A Região Nordeste apresenta um padrão misto, com o câncer de mama (42,50 por 100 mil mulheres) como o mais incidente na maioria dos Estados, seguido pelo câncer do colo do útero (15,06 por 100 mil mulheres), que ainda apresenta taxas elevadas de incidência em todas as UF da Região.

Na Região Centro-Oeste, o câncer de mama (45,94 por 100 mil mulheres) é o mais incidente em todas as UF, seguido pelos cânceres de cólon e reto (17,26 por 100 mil mulheres) e do colo do útero (12,89 por 100 mil mulheres).

Na Região Sudeste, os cânceres de mama (51,72 por 100 mil), cólon e reto (18,67 por 100 mil) e colo do útero (11,20 por 100 mil mulheres) estão entre os três mais frequentes.
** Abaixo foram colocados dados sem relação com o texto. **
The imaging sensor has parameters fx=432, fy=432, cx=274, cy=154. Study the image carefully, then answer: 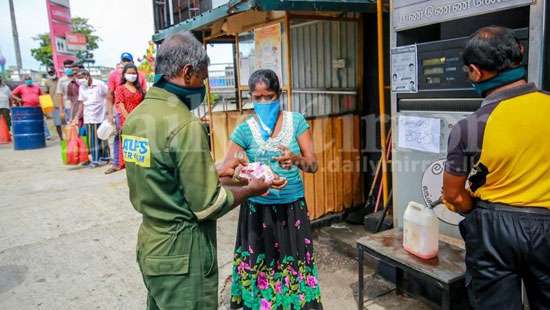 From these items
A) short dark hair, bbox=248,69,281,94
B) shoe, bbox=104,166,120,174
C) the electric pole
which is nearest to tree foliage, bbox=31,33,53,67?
the electric pole

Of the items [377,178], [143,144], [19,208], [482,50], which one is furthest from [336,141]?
[19,208]

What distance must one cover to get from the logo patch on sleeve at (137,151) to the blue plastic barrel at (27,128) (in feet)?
34.2

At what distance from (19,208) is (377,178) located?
4711mm

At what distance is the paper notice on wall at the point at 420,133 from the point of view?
113 inches

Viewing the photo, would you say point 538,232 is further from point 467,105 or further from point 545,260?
point 467,105

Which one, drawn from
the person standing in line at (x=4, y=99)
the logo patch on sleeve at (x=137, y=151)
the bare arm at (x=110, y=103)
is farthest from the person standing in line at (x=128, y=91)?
the person standing in line at (x=4, y=99)

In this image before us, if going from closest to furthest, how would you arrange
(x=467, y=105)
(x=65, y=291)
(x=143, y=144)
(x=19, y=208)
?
(x=143, y=144)
(x=467, y=105)
(x=65, y=291)
(x=19, y=208)

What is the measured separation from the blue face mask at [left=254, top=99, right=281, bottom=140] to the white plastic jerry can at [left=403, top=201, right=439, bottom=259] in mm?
1040

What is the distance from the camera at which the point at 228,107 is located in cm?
740

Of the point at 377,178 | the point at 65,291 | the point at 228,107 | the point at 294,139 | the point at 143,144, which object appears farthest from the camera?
the point at 228,107

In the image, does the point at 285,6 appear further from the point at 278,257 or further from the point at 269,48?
the point at 278,257

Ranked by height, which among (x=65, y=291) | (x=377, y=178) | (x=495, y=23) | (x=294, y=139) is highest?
(x=495, y=23)

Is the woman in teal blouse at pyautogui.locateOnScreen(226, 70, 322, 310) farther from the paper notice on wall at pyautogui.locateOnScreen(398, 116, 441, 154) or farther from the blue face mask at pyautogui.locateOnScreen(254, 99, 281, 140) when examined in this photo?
the paper notice on wall at pyautogui.locateOnScreen(398, 116, 441, 154)

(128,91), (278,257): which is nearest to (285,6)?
(278,257) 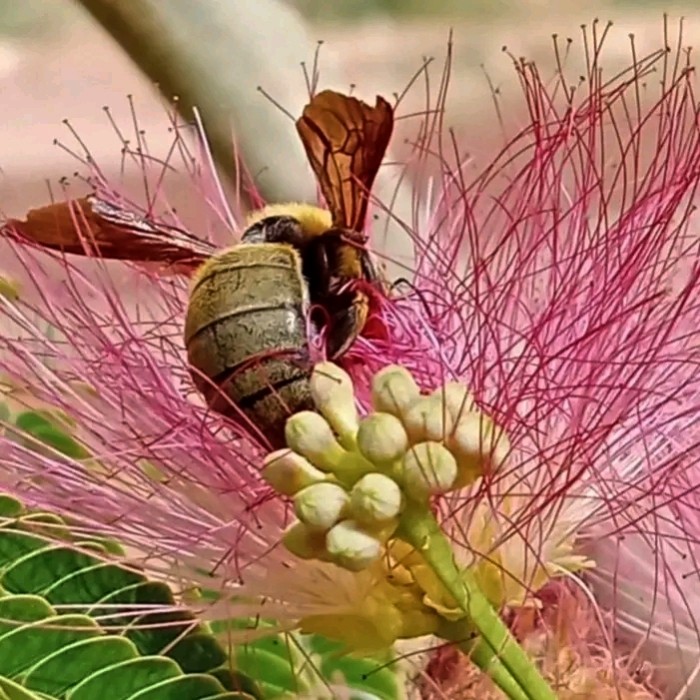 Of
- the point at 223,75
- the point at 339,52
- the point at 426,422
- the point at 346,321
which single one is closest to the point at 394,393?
the point at 426,422

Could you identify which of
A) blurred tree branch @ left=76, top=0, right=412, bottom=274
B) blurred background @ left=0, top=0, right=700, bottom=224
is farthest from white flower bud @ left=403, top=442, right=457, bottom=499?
blurred background @ left=0, top=0, right=700, bottom=224

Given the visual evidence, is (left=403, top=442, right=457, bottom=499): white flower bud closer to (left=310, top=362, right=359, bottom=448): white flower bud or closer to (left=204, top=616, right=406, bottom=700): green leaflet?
(left=310, top=362, right=359, bottom=448): white flower bud

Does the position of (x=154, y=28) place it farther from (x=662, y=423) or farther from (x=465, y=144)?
(x=662, y=423)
As maiores taxas de câncer do colo do útero são observadas no Rio de Janeiro e no Espírito Santo.

Por sua vez, na Região Sul, os cânceres de mama (47,65 por 100 mil mulheres), cólon e reto (17,13 por 100 mil mulheres) e pulmão (14,77 por 100 mil mulheres) são os mais incidentes. No Rio Grande do Sul, o câncer de traqueia, brônquio e pulmão ocupa a terceira posição (14,77 por 100 mil mulheres), enquanto, no Paraná e em Santa Catarina, essa posição é ocupada pelo câncer do colo do útero, com taxas ajustadas de 13,23 e 17,93 por 100 mil mulheres, respectivamente.

Alta carga da doença no Brasil

Na conclusão do estudo, os pesquisadores alertam para a alta carga da doença no Brasil e evidenciam importantes desigualdades regionais e entre os sexos. 

“O país vive um cenário de transição epidemiológica, no qual coexistem cânceres associados ao envelhecimento e ao estilo de vida urbano — predominantes nas Regiões Sul, Sudeste e Centro-Oeste — com os tumores de etiologia infecciosa e aqueles mais relacionados a contextos de maior vulnerabilidade social, observados principalmente nas Regiões Norte e Nordeste.” 

Também destacam-se duas tendências relevantes: o aumento do câncer de cólon e reto, relacionado a fatores de risco comportamentais e ao envelhecimento populacional; e a volta do crescimento do câncer de pulmão, sobretudo entre as mulheres, refletindo o impacto cumulativo do tabagismo e novas formas de consumo de nicotina. 

Para os especialistas, os resultados reforçam a necessidade das ações integradas de prevenção e rastreamento, adaptadas às realidades regionais, e do fortalecimento dos Registros de Câncer de Base Populacional (RCBP) para aprimorar a precisão e a cobertura das informações. 

Por fim, ressaltam que as estimativas devem ser interpretadas com cautela, mas constituem instrumento essencial para o planejamento e a priorização das políticas públicas de controle do câncer no país.